Strategi social game adalah menghadirkan game di saat-saat senggang (Kobayashi-san menyebutnya "in-between" dan "mindless task"). Game harus bisa dimainkan singkat. Maksimal 7 menit. Namun dimainkan 5 kali dalam sehari. Hal ini sangat berbeda dengan mindset membuat game sebelumnya, di mana game harus dimainkan minimal tiga puluh menit.
Topik selanjutnya adalah tentang Human Resource. Mr. Chuan He berpendapat bahwa yang terpenting dalam bisnis game adalah talent. Untuk mendapatkan good talent, yang diperlukan adalah dua hal: Good culture & insentif. Shieny juga sepakat dengan hal ini. Dia menceritakan kalau sebelum Agate dibentuk, banyak talent hebat Indonesia yang pergi ke luar negeri.

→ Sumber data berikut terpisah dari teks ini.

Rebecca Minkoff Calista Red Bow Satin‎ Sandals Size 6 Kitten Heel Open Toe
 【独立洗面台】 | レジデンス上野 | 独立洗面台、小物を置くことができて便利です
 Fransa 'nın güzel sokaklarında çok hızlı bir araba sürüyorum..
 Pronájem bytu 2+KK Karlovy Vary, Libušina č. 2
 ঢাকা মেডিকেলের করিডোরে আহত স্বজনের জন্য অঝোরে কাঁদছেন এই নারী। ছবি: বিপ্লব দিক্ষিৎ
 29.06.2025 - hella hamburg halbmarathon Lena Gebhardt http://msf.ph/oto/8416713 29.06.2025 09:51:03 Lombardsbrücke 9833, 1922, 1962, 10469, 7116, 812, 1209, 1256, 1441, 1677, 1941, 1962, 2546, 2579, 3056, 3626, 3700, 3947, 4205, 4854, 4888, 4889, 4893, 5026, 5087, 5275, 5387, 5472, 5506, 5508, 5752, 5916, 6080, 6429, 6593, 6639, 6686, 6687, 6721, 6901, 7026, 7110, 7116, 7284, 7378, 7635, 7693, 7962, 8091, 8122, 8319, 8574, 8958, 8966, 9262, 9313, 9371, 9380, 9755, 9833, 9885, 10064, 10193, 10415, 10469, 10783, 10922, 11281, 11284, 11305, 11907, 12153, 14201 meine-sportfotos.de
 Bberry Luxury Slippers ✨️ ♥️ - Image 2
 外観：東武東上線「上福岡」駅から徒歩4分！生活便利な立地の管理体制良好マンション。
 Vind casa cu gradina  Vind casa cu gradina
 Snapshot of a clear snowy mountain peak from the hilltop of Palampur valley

Namun setelah Agate ada, talent-talent hebat itu kini bergabung dengan Agate. Bagaimana caranya? Agate berusaha menciptakan suasana yang kondusif dan menyenangkan, sehingga kerja menjadi hal yang fun.
Kobayasi-san memberikan pendapat yang berbeda. Menurutnya yang terpenting adalah interaksi dengan user. Human resource terbaik di industri game adalah mereka yang sanggup mengindentifikasi keinginan user. Senada dengan hal itu, menurut Chae Yoo Ra, antusiasme adalah kunci dalam membuat game. Trend itu berganti tiap hari. Antusiasme dan kecintaan terhadap apa yang dibuat, yang membuat sebuah game developer bisa mengikuti trend.
Pada sesi terakhir, para panelis diminta untuk memberikan pendapatnya tentang Jepang. Chae Yoo Ra melihat Jepang sebagai market yang sangat baik untuk game sosial. Sementara itu, Mr. Chuan He menyatakan bahwa Jepang punya sejarah panjang dalam hal game. Dan pasar sosial Jepang adalah yang terbesar di dunia. Beliau sangat ingin Jepang dan China bisa saling mengisi. Bagi Shieny, Jepang sangat penting bagi gamer Indonesia, bahkan dianggap legenda oleh sebagian orang. Gamer Indonesia memainkan game Jepang sejak masih anak-anak. Jepang adalah role model bagi Agate Studio.